**Problem to solve**.
Please retype exactly the lines from the one containing "Ralph Lauren Tan" through the end of the records, leaving out the pictures.

(Brief descriptive captions)
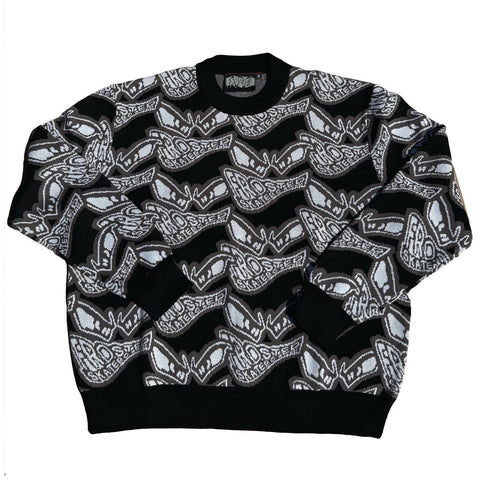 Frosted 'Smile All Over' Knit Sweater - Black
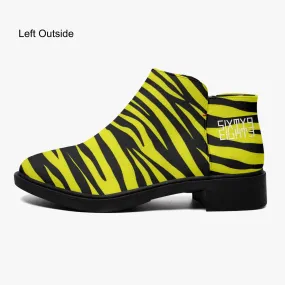 Sixty Eight 93 Logo White Zebra Black Lemonade Suede Zipper Boots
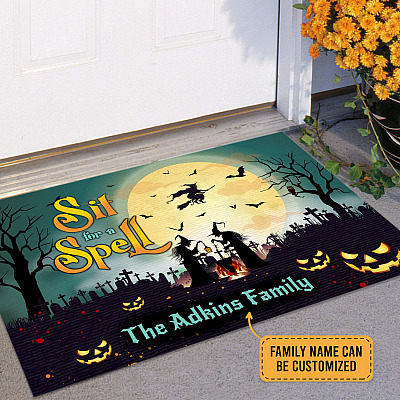 Alternative view of Personalized Halloween Decorations Sit For A Spell Indoor Outdoor Doormat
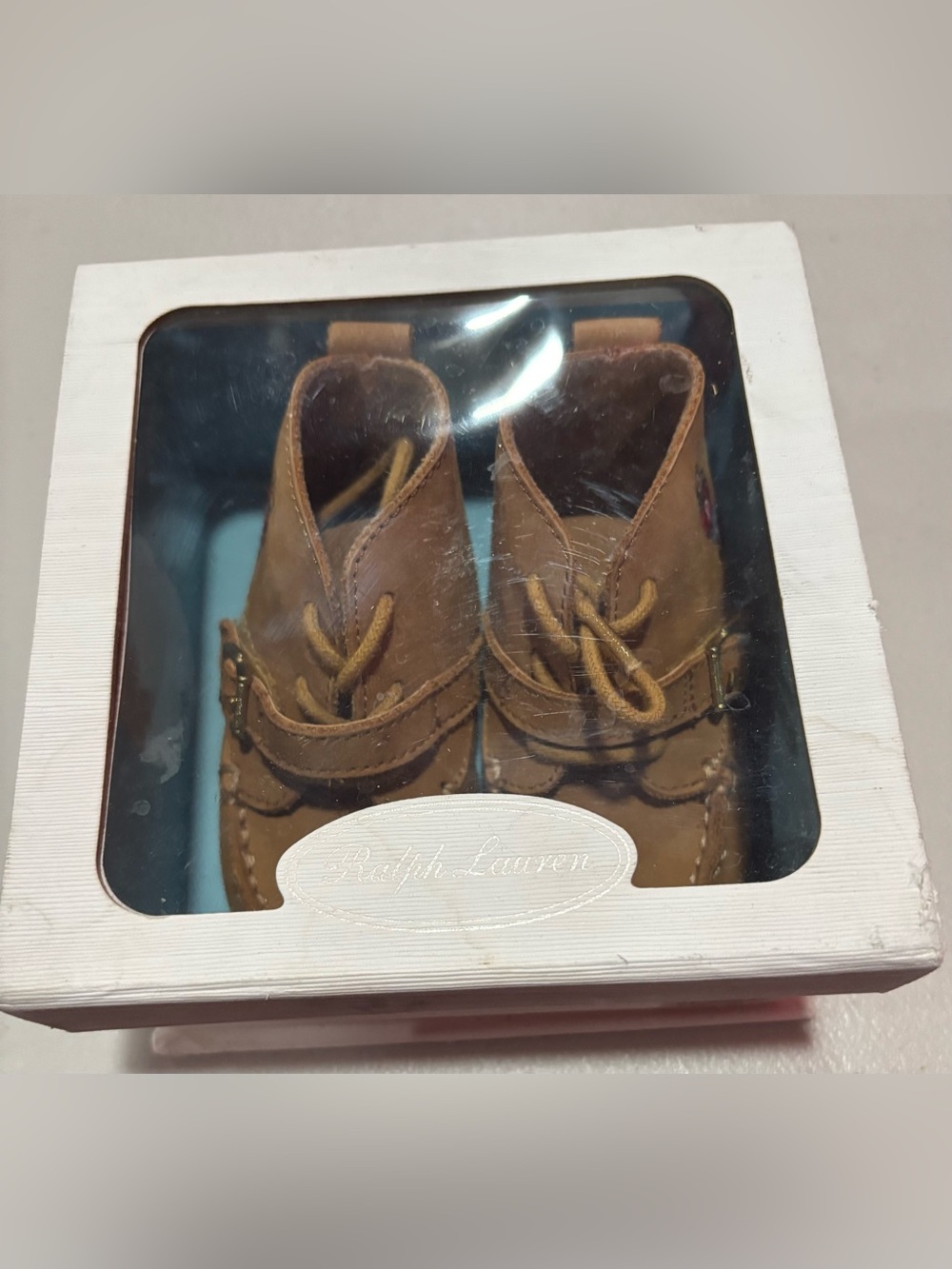 Ralph Lauren Tan Suede Baby Boots with Bear Embroidery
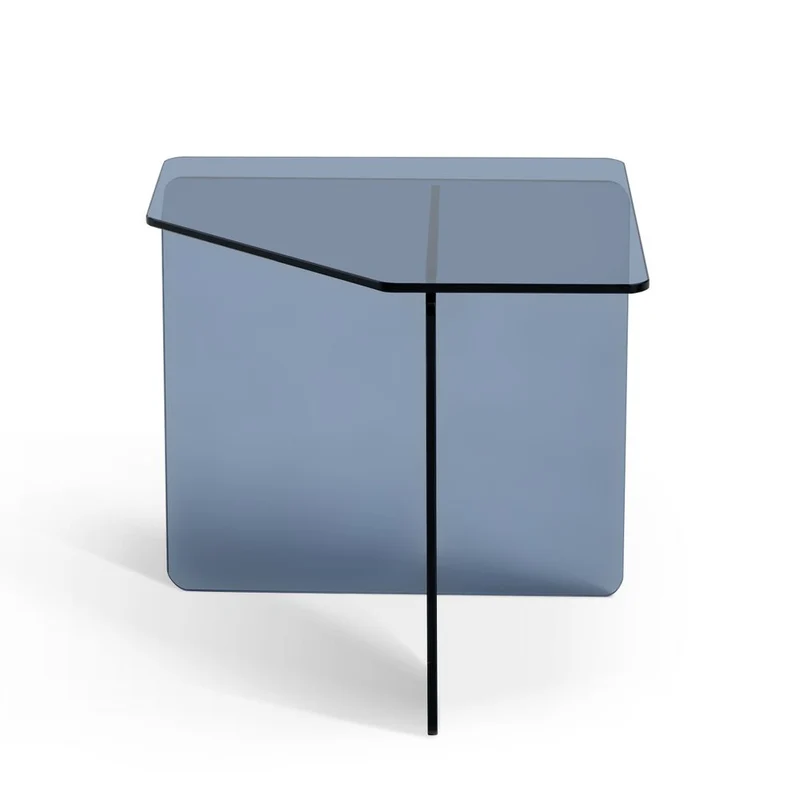Bout de canapé en verre trempé bleu gris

**Your solution**.
 Ralph Lauren Tan Suede Baby Boots with Bear Embroidery
Bout de canapé en verre trempé bleu gris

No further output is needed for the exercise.